The exposure to social risk is Highly Negative (S-4 issuer profile score), driven primarily by safety concerns that have limited investment and diversification opportunities. Still very low incomes as well as the limited access to quality healthcare, basic services, housing and education, especially in rural areas, are also important social issues. That said, the government is focused on reducing poverty and inequality, strengthening social safety nets, and promoting human capital as key priorities through its Ehsaas programme, although effects will take time to materialise and are limited by still weak institutions and governance.

The influence of governance is Highly Negative (G-4 issuer profile score). International surveys of various indicators of governance, while showing some early signs of improvement, continue to point to weak rule of law and control of corruption, as well as limited government effectiveness. These weaknesses are balanced against a lengthening track record of effective checks and balances and judicial independence for the level of development in the country, and gradually increasing transparency and dialogue in policymaking.

Upward pressure on Pakistan’s rating would develop if ongoing fiscal reforms were to expand the government’s revenue base, raise debt affordability, and lower its debt burden beyond our current expectations.

A structural reduction in external vulnerability risks, including though higher levels of foreign exchange reserve adequacy that were sustainable and/or increased economic competitiveness that were to lift export prospects, would also put upward pressure on the rating.
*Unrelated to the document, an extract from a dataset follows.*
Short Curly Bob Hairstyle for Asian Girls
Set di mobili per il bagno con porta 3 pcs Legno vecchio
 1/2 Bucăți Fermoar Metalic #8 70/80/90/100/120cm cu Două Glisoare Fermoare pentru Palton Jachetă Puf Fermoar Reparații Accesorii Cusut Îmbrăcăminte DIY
Downward pressure on the rating would stem from renewed deterioration in Pakistan’s external position, including through a significant widening of the current account deficit and erosion of foreign exchange reserve buffers, which would threaten the government’s external repayment capacity and heighten liquidity risks.

A continued rise in the government’s debt burden, without prospects for stabilisation over the medium term, would also put downward pressure on the rating. In addition, participation in official sector debt relief programmes that raised the probability of private sector participation would likely point to a lower rating, commensurate with the potential losses to be incurred, Moody’s added.